Some days, you wonder why you bother. You bail out the banks, pump liquidity like a fire hose and slash base rates. So the market bombs and even most of the banks are down. Ingrates.
Still, at least HBOS and Royal Bank of Scotland were up. Not by nearly as much as they fell the day before, though. Come to think of it, why was that? Wasn't that why we banned short selling?
Alas for good intentions. It is hard to prove, but even in these strange times the banks might not have fallen so far if shorting had been possible. When the stocks were collapsing on Tuesday, it might have seemed a good time for real-money investors to pick up a few. But in the circumstances, doing so without hedging was suicidal. And hedging had been banned.
Similarly, the more the stocks fell, the more attractive it would have been for fast-money investors who had shorted them to close out their positions at a profit. There were no such positions.
In the curious case of HBOS, the ban had the effect of freezing out the risk arbitrageurs. Some might have thought the Lloyds TSB merger more likely to go through than market prices implied. If so, the trick would have been to go long of HBOS and short of Lloyds TSB, thus exploiting the odds while neutralising the risk of price movements. No such luck.
Message to the Archbishop of York - where are the spivs when you need them?
Debt problems
If you are a UK company relying heavily on short-term debt, the bank rescue offers a ray of hope. Rolling those loans over was never going to be easy. But if the plan works half as well as advertised, it should now at least be feasible.
A month ago both Tesco and Kesa Electricals paid over the odds to renew debt that was not due until a couple of years from now. They did not trust the debt markets to recover by 2010, so were at pains to push repayment further out.
A handy list of relevant companies has been produced by Citi. It works on two main criteria: companies with big specific refinancings due in the next year or two, and those with a lot of short-term debt relative to their market value.
In the first category is Taylor Wimpey, which runs the risk of banks refusing to relax its covenants. Then there are those peddlers of pleasure to the masses, the bookies and the publicans. William Hill faces possible refinancing in 2009 and Ladbrokes in 2010. Wetherspoon has a $140m US private placing to refinance in September 2009 and Punch Taverns has a £295m convertible due late in 2010.

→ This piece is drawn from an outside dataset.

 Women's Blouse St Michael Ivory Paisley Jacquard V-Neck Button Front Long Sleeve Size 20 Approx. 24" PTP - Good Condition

We might have expected those stocks to do well yesterday. They mostly did, in relative terms at any rate. Ladbrokes was up 8 per cent, Punch Taverns 5 per cent, William Hill 4 per cent and Wetherspoon 1 per cent. Granted, Taylor Wimpey was down 2 per cent, but the market was down more than twice that.
In the second category is - for instance - the holiday operator TUI, with gross debt equal to 102 per cent of its market value and 91 per cent of that due within 12 months. TUI was up 4 per cent yesterday.
So, on the face of it, the market is inclined to give the plan some benefit of the doubt. But of course tomorrow, as Scarlett O'Hara remarked, is another day.
Belt tightening
Amid yesterday's rubble, there was a certain gloomy relish in contemplating the market's worst performer. Uniq did not choose the best time to issue a profit warning.
Whereas food manufacturing was once regarded as the ultimate defensive sector on we've-all-got-to-eat grounds, Uniq suggested that we do not - or at least not the luxury Marks and Spencer sandwiches and indulgent desserts it produces.
Many of Uniq's problems are, well, unique to it, and the statement contrasts with an altogether more resilient one from Northern Foods, another M&S supplier, on Tuesday. But its observations on changing consumer trends echo remarks last week from Sir Terry Leahy at Tesco, and yesterday from Justin King at J Sainsbury.
British consumers' belt tightening has reached the point that multi-buy offers will no longer attract, only money-off promotions will do. Whether they are trading down to discounters, or just switching from brands to own-label lines, shoppers are putting pressure on food manufacturers' margins now as surely as rising commodity prices have been doing for the past 18 months.
Even with commodity inflation weakening, the food companies are being squeezed, with those biased towards brands or with heavy borrowings likely to be hardest hit. Already capacity is being cut, and a more severe shake-out seems inevitable.